Using the records that follow, reproduce exactly the lines starting at the line containing "Hello everybody, I" and ending at the line containing "Imagine yourself in". Include both end lines and no pictures.

- [Task material]
──────────────────────────────

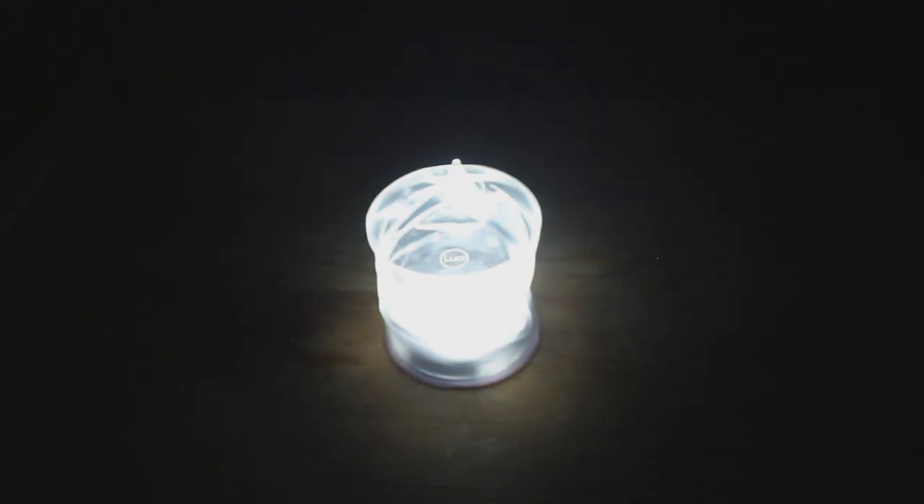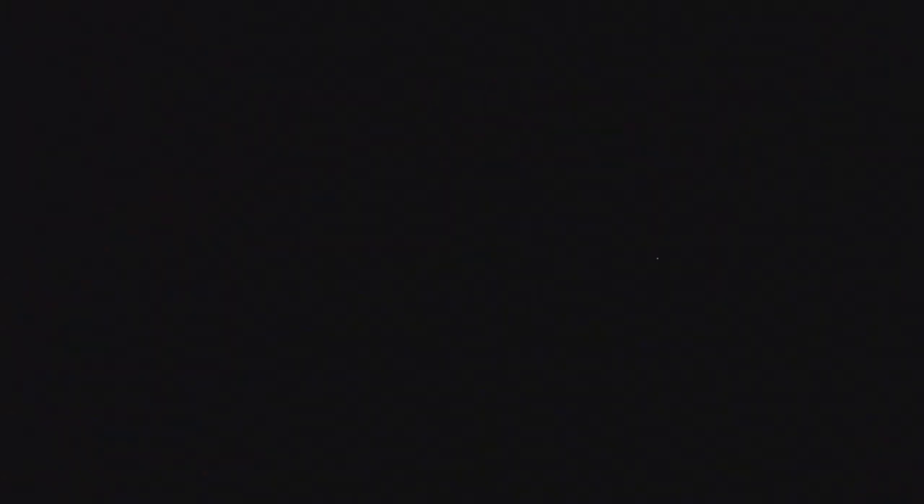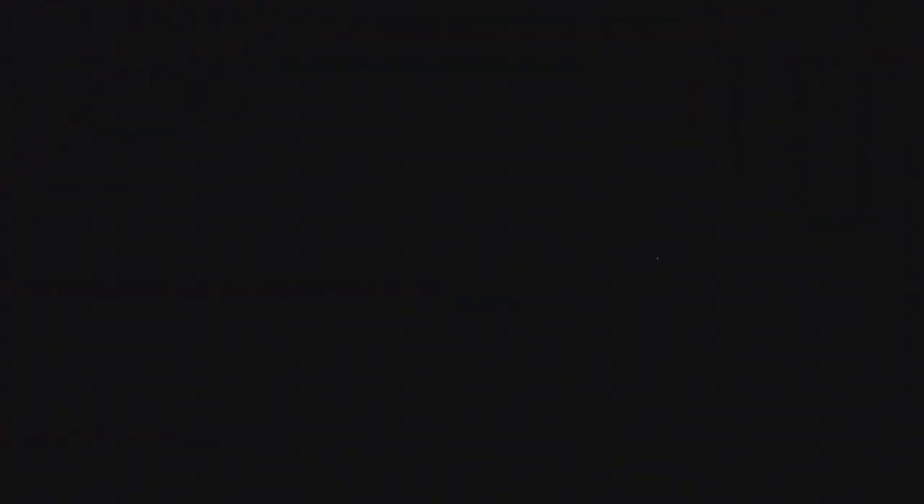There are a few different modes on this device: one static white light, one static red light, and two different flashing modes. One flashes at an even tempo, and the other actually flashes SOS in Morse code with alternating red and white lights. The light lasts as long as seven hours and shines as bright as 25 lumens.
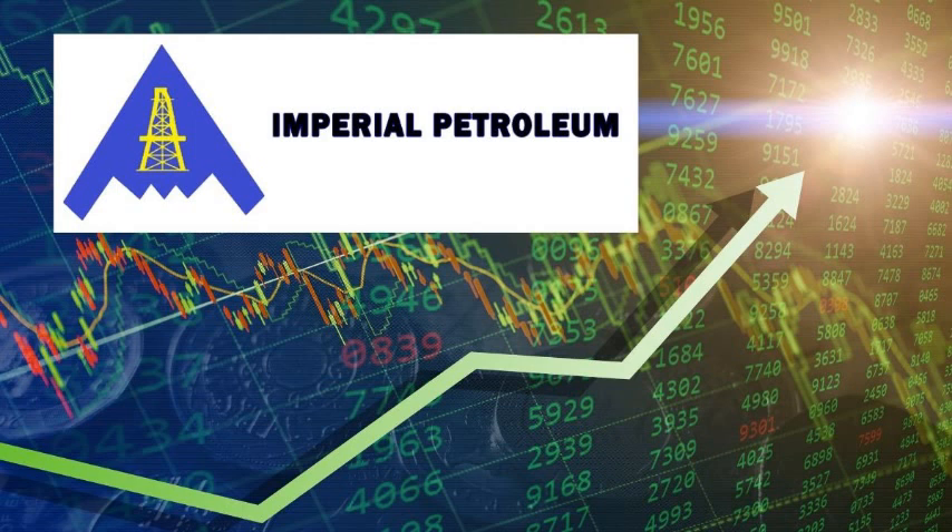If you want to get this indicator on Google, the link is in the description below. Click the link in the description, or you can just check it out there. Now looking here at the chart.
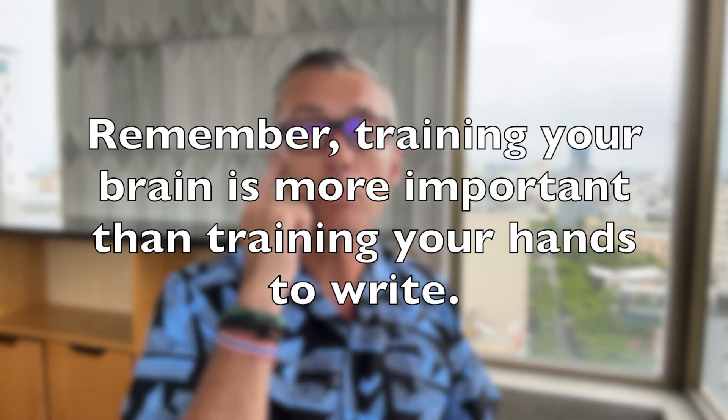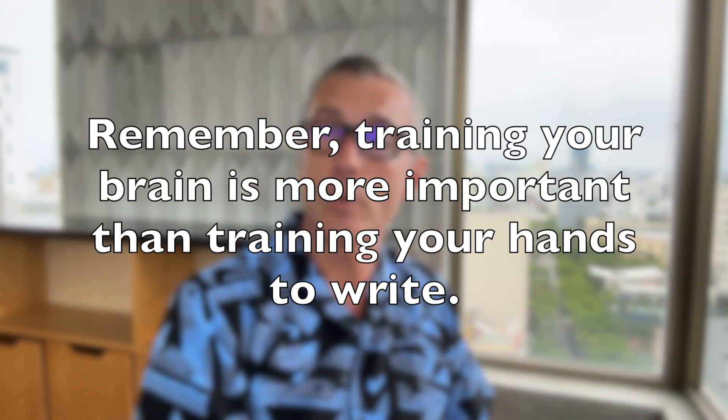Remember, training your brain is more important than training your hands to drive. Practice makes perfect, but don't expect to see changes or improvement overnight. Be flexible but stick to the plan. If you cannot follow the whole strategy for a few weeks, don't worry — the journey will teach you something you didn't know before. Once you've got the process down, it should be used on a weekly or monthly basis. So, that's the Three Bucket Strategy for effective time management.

──────────────────────────────

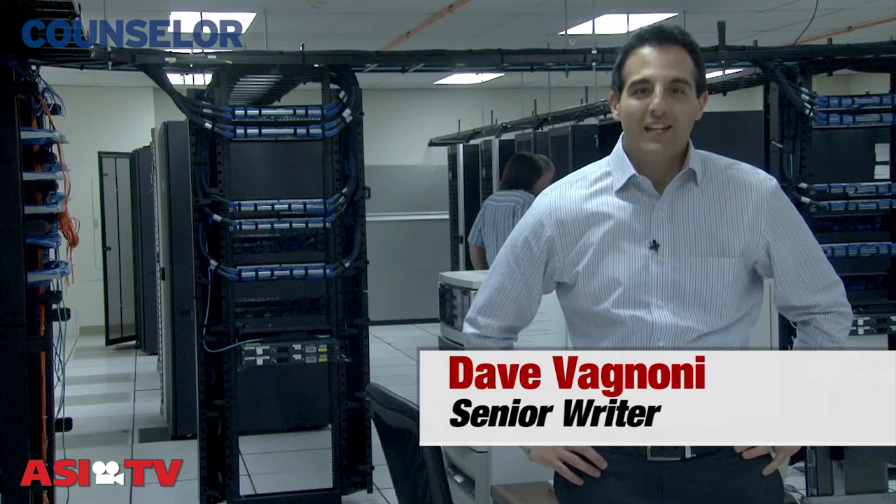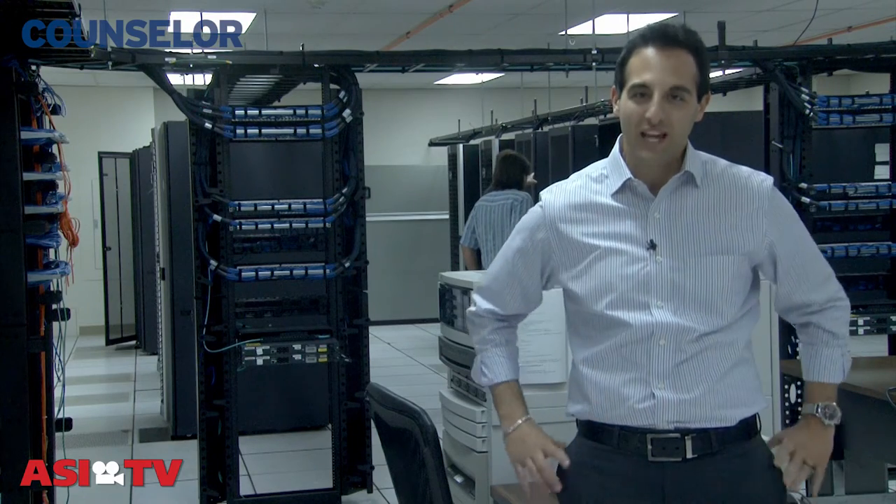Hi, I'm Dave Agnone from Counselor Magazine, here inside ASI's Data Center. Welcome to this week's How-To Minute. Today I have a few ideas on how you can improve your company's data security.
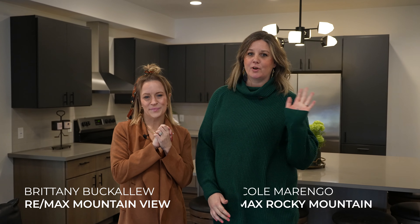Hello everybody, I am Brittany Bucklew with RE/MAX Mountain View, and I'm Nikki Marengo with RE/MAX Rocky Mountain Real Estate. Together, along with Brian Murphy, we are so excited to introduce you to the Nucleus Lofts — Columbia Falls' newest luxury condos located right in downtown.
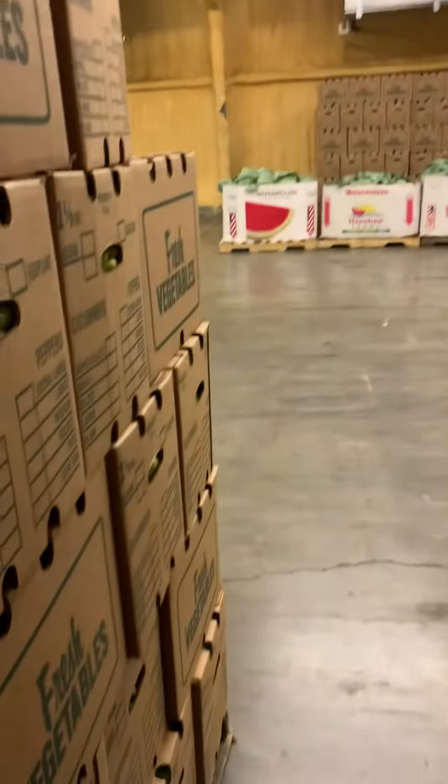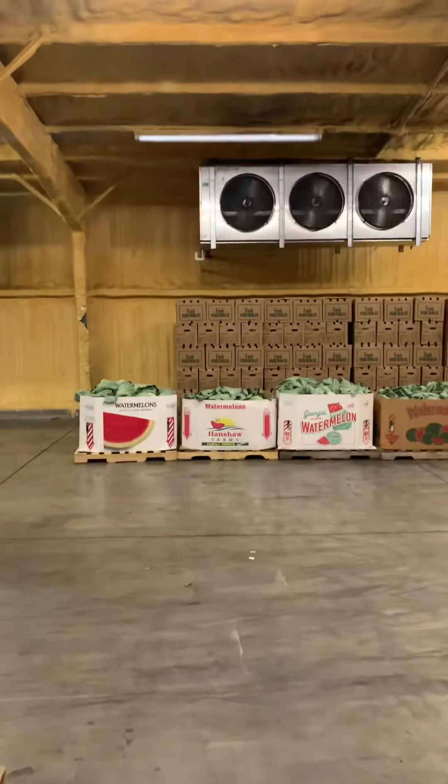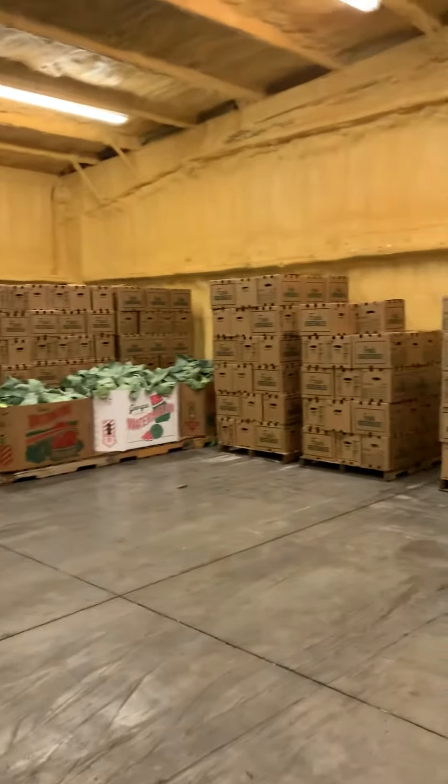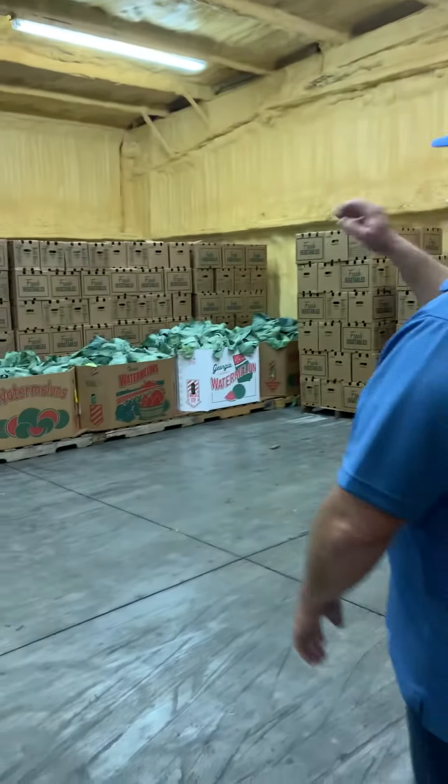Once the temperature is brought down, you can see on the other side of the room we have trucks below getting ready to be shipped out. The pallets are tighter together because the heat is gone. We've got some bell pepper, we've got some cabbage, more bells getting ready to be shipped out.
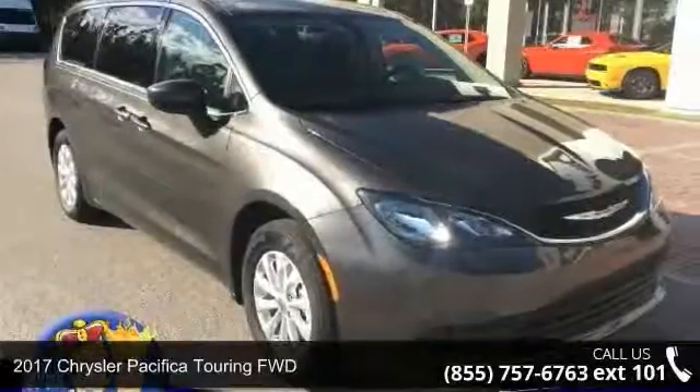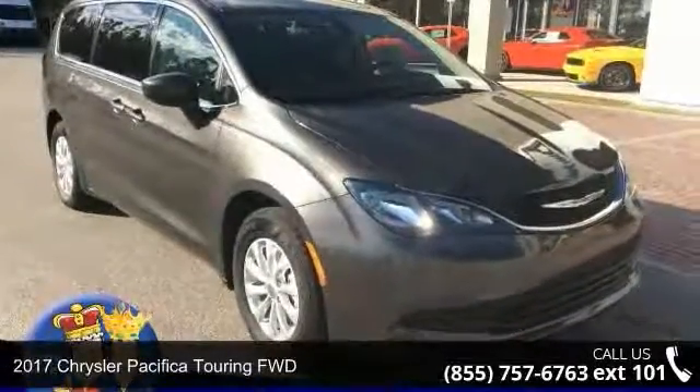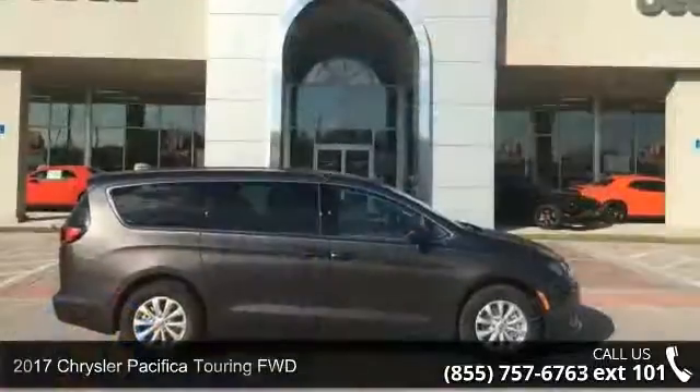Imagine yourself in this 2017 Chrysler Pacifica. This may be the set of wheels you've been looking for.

──────────────────────────────

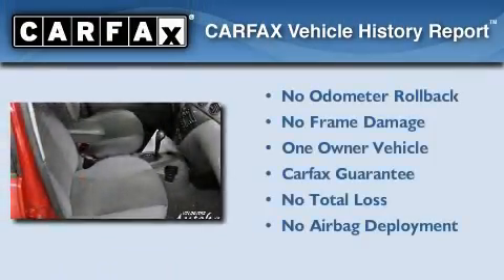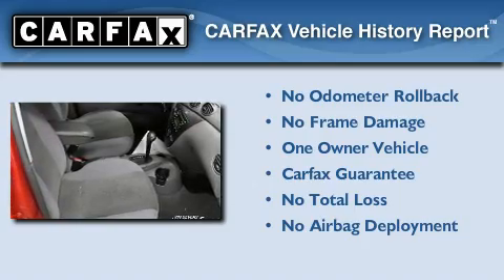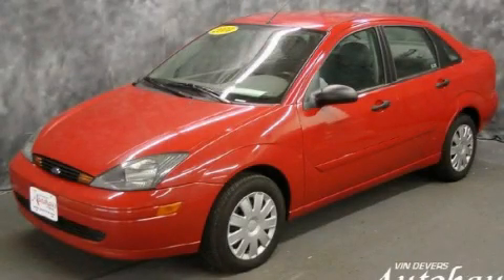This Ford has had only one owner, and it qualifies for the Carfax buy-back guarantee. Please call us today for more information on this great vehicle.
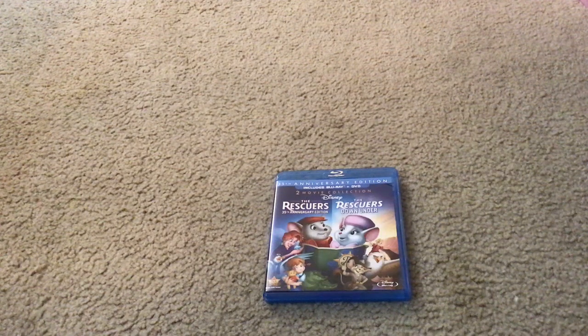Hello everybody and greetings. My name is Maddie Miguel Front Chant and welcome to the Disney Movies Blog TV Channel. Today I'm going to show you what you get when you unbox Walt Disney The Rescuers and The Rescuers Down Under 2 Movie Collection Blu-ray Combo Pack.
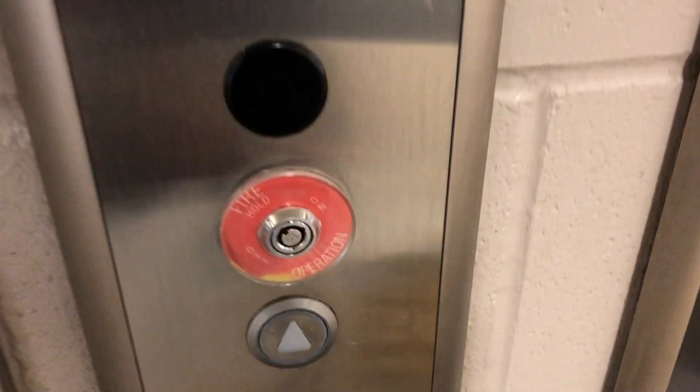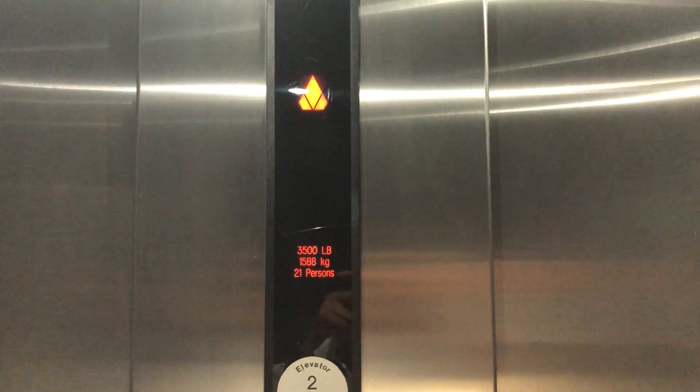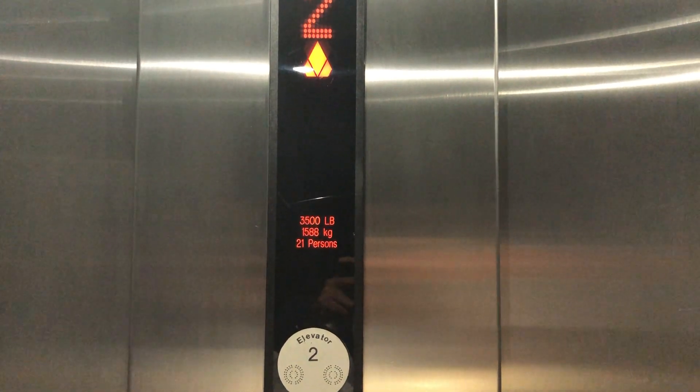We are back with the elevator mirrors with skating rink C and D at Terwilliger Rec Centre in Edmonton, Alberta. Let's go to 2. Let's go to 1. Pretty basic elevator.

──────────────────────────────

- [Answer section]
Hello everybody, I am Brittany Bucklew with RE/MAX Mountain View, and I'm Nikki Marengo with RE/MAX Rocky Mountain Real Estate. Together, along with Brian Murphy, we are so excited to introduce you to the Nucleus Lofts — Columbia Falls' newest luxury condos located right in downtown.
Once the temperature is brought down, you can see on the other side of the room we have trucks below getting ready to be shipped out. The pallets are tighter together because the heat is gone. We've got some bell pepper, we've got some cabbage, more bells getting ready to be shipped out.
Imagine yourself in this 2017 Chrysler Pacifica. This may be the set of wheels you've been looking for.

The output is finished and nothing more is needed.